Depending upon bandwidth requirements, it could be desirable to equip each bank with plural VRAM devices of the type indicated in FIG. 5, so as to increase both the parallel transfer width at the interface between RAM arrays and registers, and the sequential transfer width at the interface between the registers and comm ctlr. Thus, an aggregate of 4 such devices in each bank would support parallel transfers of 512×16 bit page blocks (compared to the transfer width of 512×4 bits indicated in FIG. 5), and sequential transfers of 16 bit parallel units relative to the comm ctlr (instead of the 4 bit units suggested in FIG. 5).
With an appropriate mapping of system addresses into the A and B banks, the VRAM and DRAM banks can be made more efficiently available to all requesting entities. Thus, while any entity is accessing data in DRAM, requests for access to any VRAM bank can be processed by the stge ctlr, and while any entity is accessing data in the A group of VRAM banks requests for access to the B group of banks can be serviced. Also, as will be shown below, while the comm ctrl is transferring data to an A or B bank in association with a PWrT request, it can have another request for access to the other bank (B or A) serviced by the stge ctlr.
The foregoing address mapping could, for instance, be a simple assignment of successive system page addresses to rows in different banks, in a simple four-way interleave; e.g. a page to bank 1A, a next page to bank 1B, a next page to 2A, a next page to 2B, a next page to 1A, etc.).

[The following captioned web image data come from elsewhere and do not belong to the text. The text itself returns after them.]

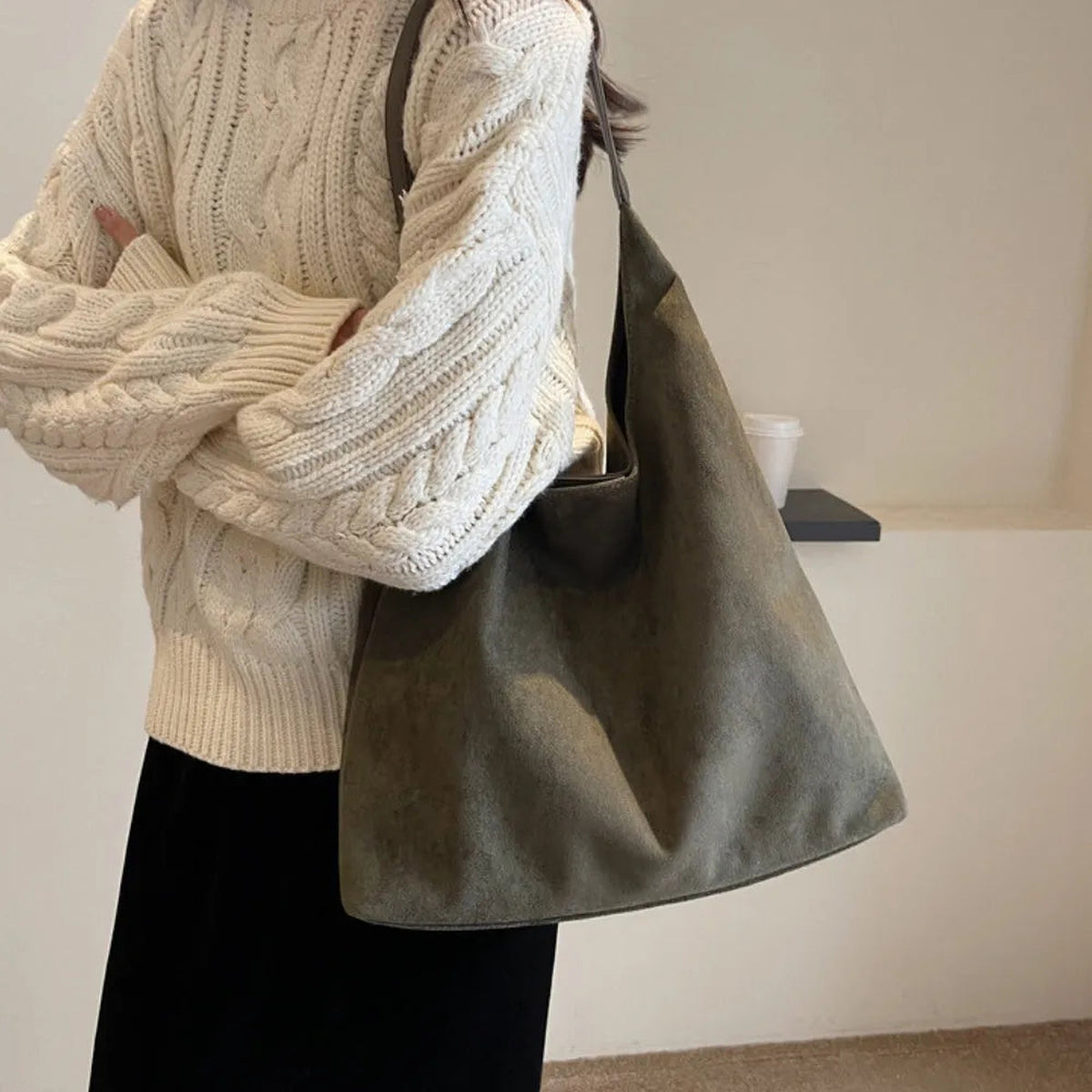 Nalia | Sac hobo en suédine vegan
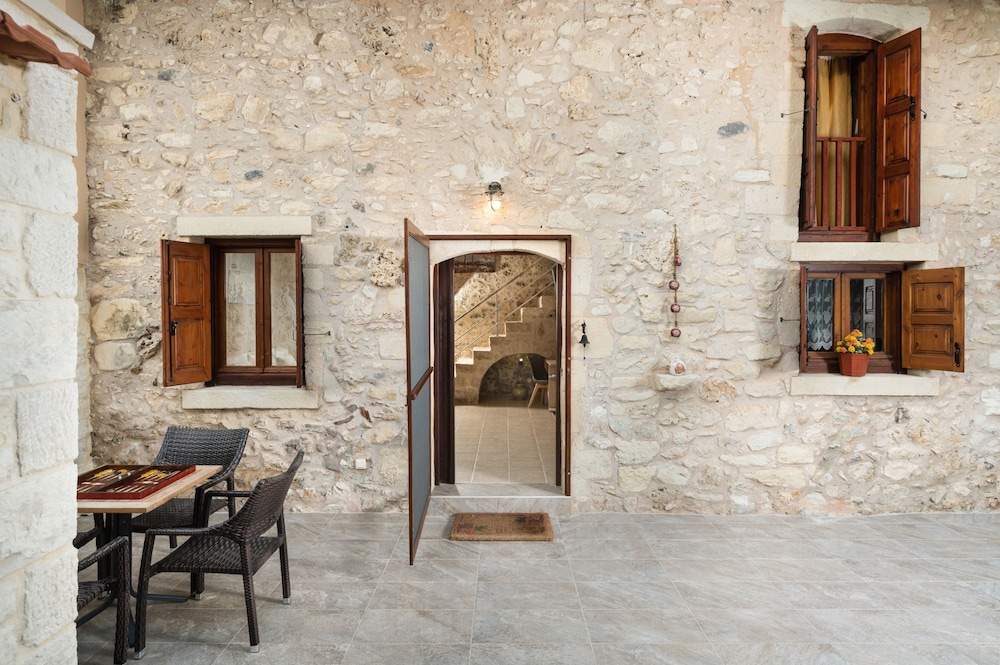 Pagonas Traditional House — 4-Star Luxury Hotel in Georgioupolis, Greece
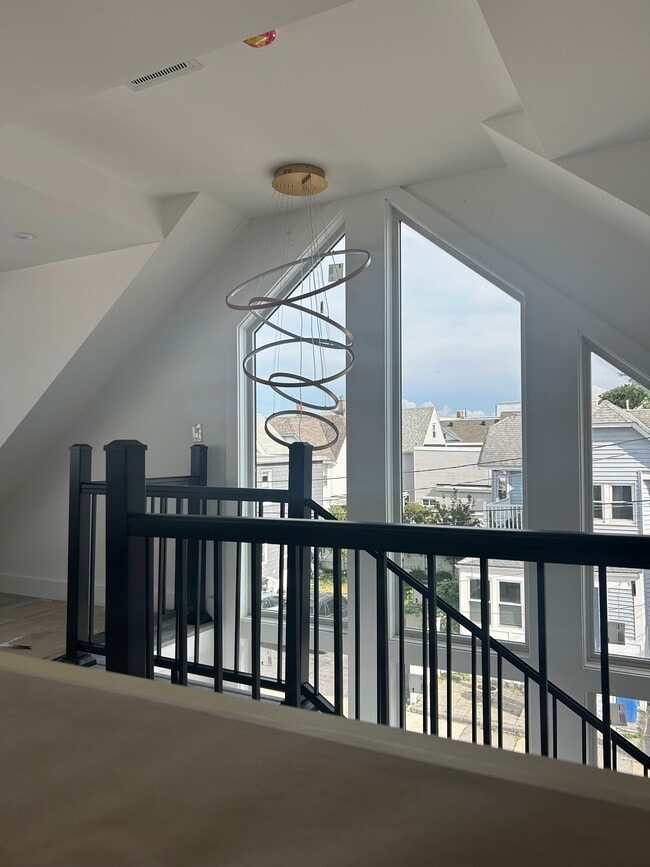 Building Photo - 58 Cutler St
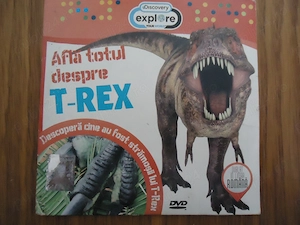 Vand 8 DVD-uri documentare Discovery Channel și Animal Planet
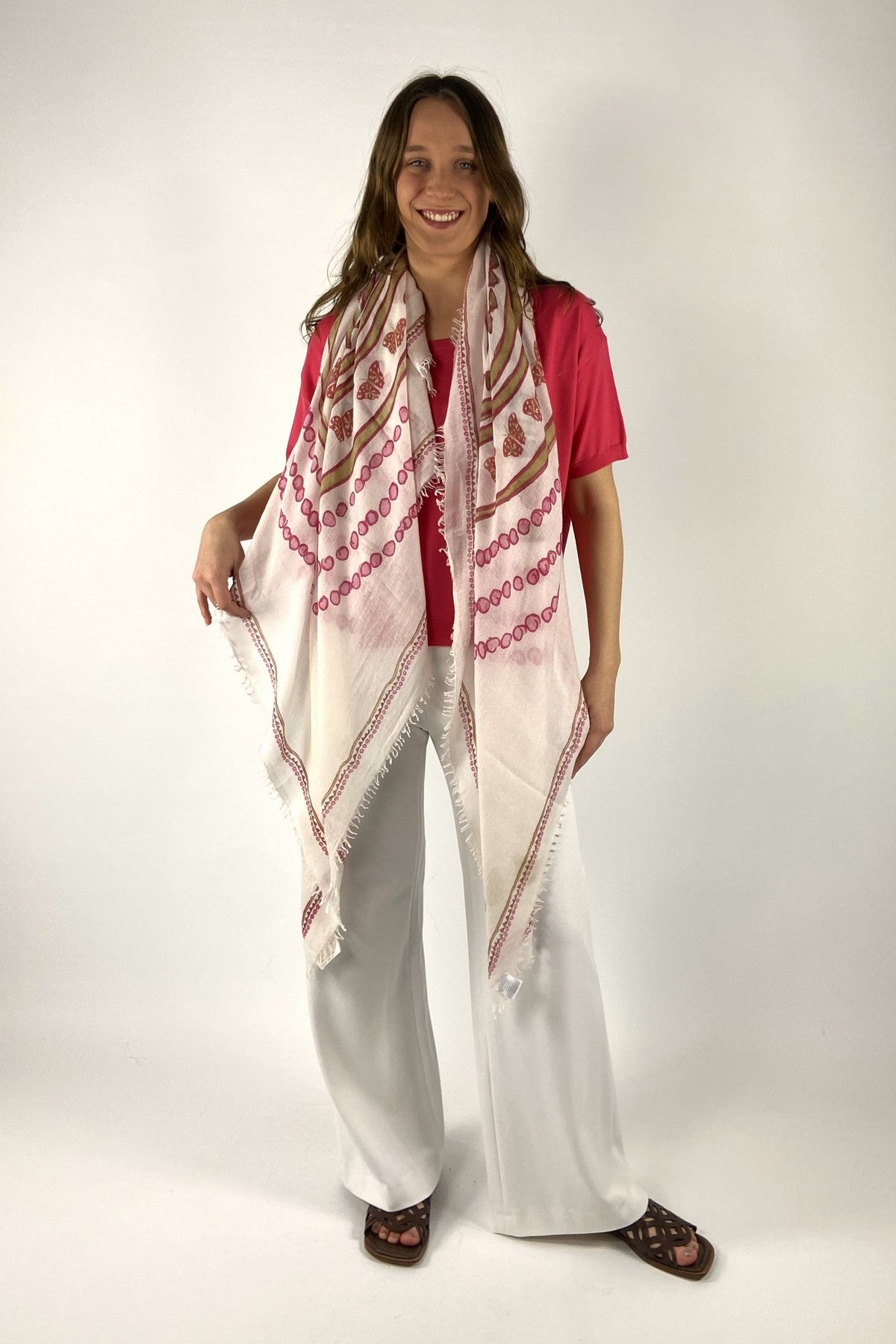 OROUND-CSMQ-Hemisphere luxe vierkante sjaal in ecru, limoengroen en framboosroze met fantasieprint.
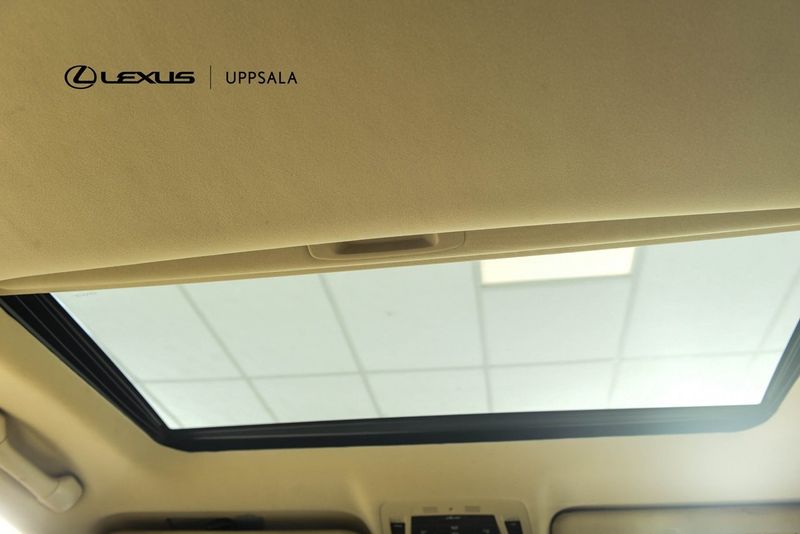 Lexus RX bild 9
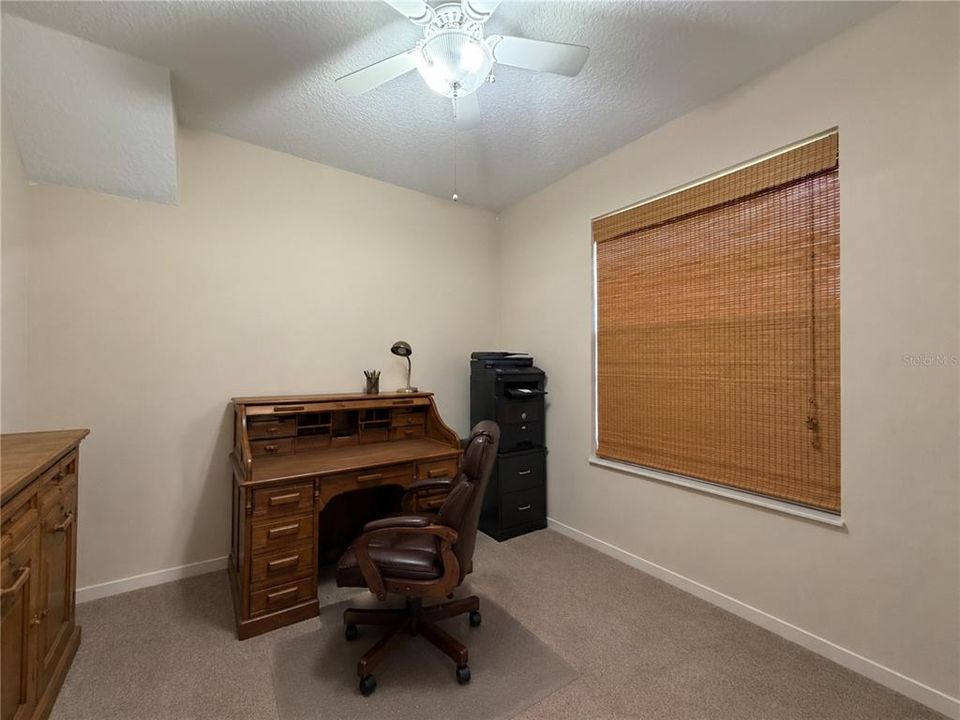 For Sale: $725,000 (5 beds, 4 baths, 2546 Square Feet)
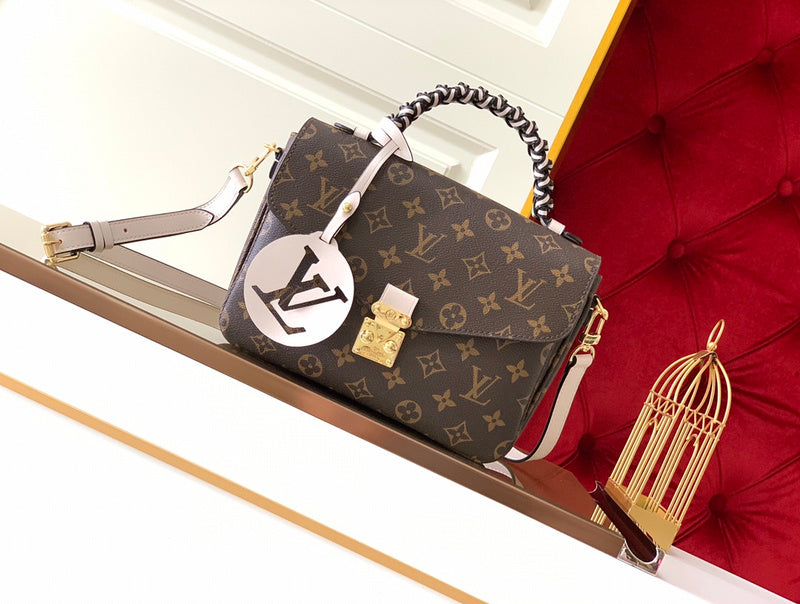 Louis Vuitton Luxury Bags 2644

Lines 157-167 connect comm ctlr 151 to storage subsystem 150. Lines 157 convey address and control signals from comm ctlr 151 to stge ctlr 156. Lines 158 return control signals from the stge ctlr to the comm ctlr (including request acknowledgements). Control signals on lines 157 indicate the type of storage access cycle requested: normal Rd, normal Wr, RdT, PWrT, or WrT.
Data associated with normal Rd/Wr requests is transferred between the comm ctlr and stg ctlr via lines 159, and between the stge ctlr and devices 153-155 by other lines discussed below. Data associated with RdT and WrT requests is transferred between the comm ctlr and shift registers in banks 1A and 2A via lines 163, and between the comm ctlr and registers in banks 1B and 2B via lines 167.
Lines 160-162 and 164-166 are control lines activated by the comm ctlr for controlling VRAM bank selection in association with SAM mode requests. Data associated with such requests is transferred between the Comm ctlr and VRAM bank shift registers via lines 163 or 167 (163 for A banks, and 167 for B banks). As shown below, in discussion of FIGS. 13 and 14, lines 161-162 and 165-166 are driven alternately by the comm ctlr and stge ctlr in association with RdT, WrT and RMW operations; these lines being driven by the stge ctlr during the operation and by the comm ctlr while data is being shifted into or out of a VRAM bank shift register.
Transfers of data relative to RAM arrays in device banks 153-155 (between arrays and RAM mode requestors, as well as between arrays and associated bank shift registers) are controlled by the stge ctlr via lines 168-175. Control signals associated with requests for access to DRAM's 155, and data associated with such requests, are handled via lines shown collectively at 175.
Control signals associated with selection of VRAM banks, and determination of operational modes in selected banks, are asserted by the stge ctlr on lines 168-170. Data signals associated with RAM mode (normal Rd/Wr) requests to the VRAM devices are transferred between the stge ctlr and a RAM array in a selected bank, via lines 171 (for an A bank) or 172 (for a B bank). As explained above, such data signals are further transferred between the stge ctlr and requestor via interface 152 or lines 159.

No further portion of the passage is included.